LAFD probes alleged hazing

LOS ANGELES — The Los Angeles City Fire Department is investigating allegations that a young African American firefighter found his locker at a North Hollywood station vandalized in a racist manner in recent days.
Although top officials with the city's fire and police departments would not disclose the nature of the incident at Fire Station 89 because of the internal investigation, others familiar with the probe said the rookie firefighter opened his locker to find a banana and his clothing -- including his uniform -- covered with a white lotion or foam.
To date, the sources said, one firefighter has acknowledged being involved in the incident, although no one has been disciplined pending the outcome of the investigation.
"The Fire Department has zero tolerance for any kind of behavior that involves hazing, racial discrimination or mistreatment of people," Battalion Chief Kwame Cooper said late Friday. "So we are actively and aggressively investigating this incident to determine the details of what happened. We are taking it very seriously and will take appropriate action when our investigation is complete."

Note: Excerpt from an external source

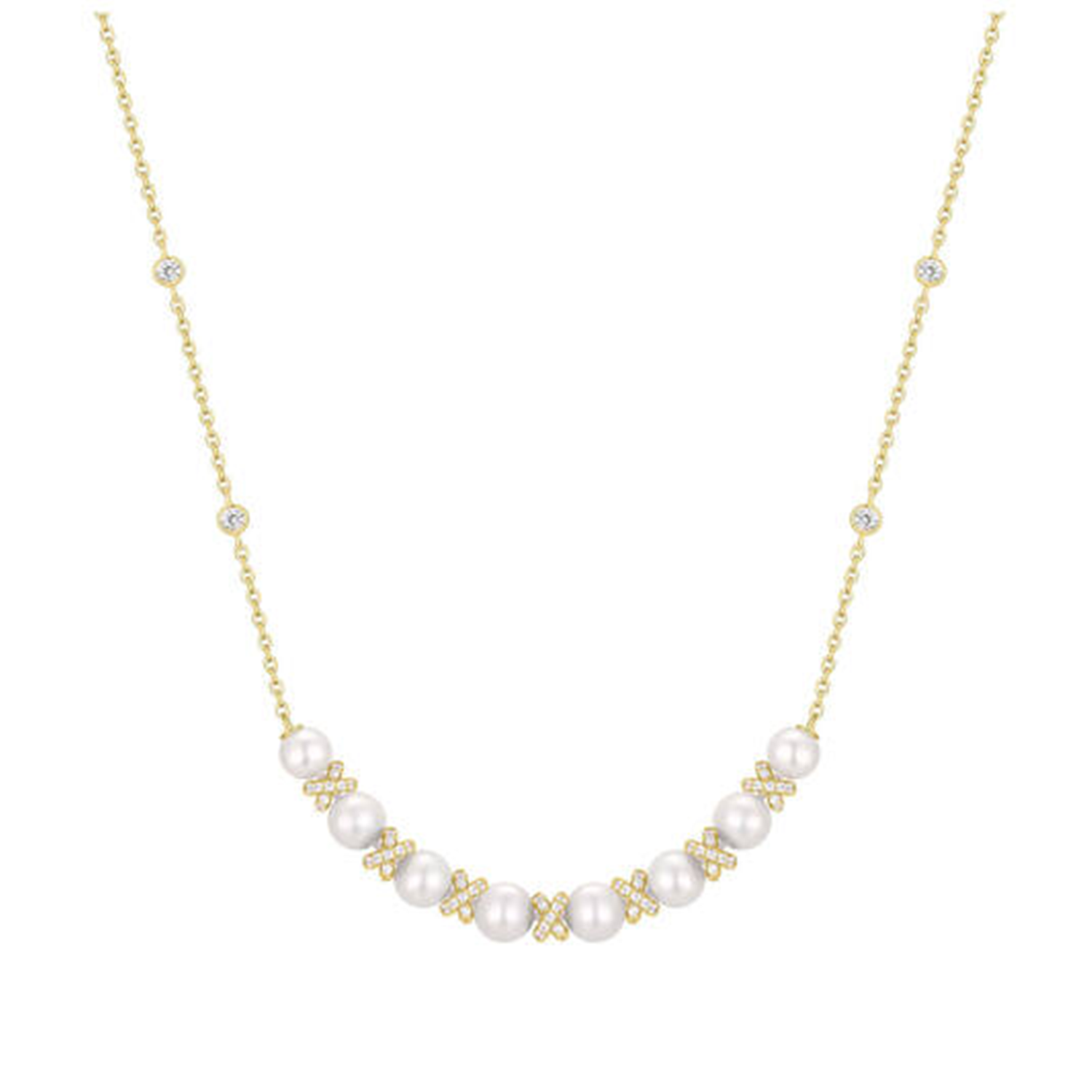 Ania Haie Reimaginer Gold Coloured Sparkling Shell Pearl Necklace AH-N069-06G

Matt Szabo, press secretary for Mayor Antonio Villaraigosa, said the department's "swift and thorough" response was "evidence that the zero tolerance policy of the mayor and chief is taking effect and that the culture of the Fire Department is changing."
Word of the incident comes a week after a Los Angeles jury awarded $1.7 million to a former city firefighter who said he was the victim of retaliation for helping a black female firefighter who had accused the department of discrimination.
And in December, Fire Chief William Bamattre resigned in the wake of a number of discrimination allegations against the department. The highest-profile case involved a lawsuit by Tennie Pierce, a black firefighter who alleged he was fed dog food in 2004 by fellow firefighters at a station in Westchester. The City Council's $2.7-million settlement with Pierce was vetoed by Villaraigosa after photos surfaced of the firefighter himself engaging in pranks. His lawsuit is scheduled for trial in September.
In the latest incident, fire officials opened an administrative investigation after allegations of the hazing surfaced. As part of that investigation, the department contacted the LAPD's North Hollywood Division, which provided "technical assistance," including dusting the locker for fingerprints, according to LAPD Lt. Paul Vernon.
The firefighter who was allegedly targeted in the incident has been assigned to another station.
"I just cannot fathom this happening ... after all of the other [discrimination] lawsuits we have had," said veteran Fire Capt. Jerry Thomas, a vocal critic of the department who is retiring after 32 years. "Until people start getting terminated for these offenses, these types of conditions will continue."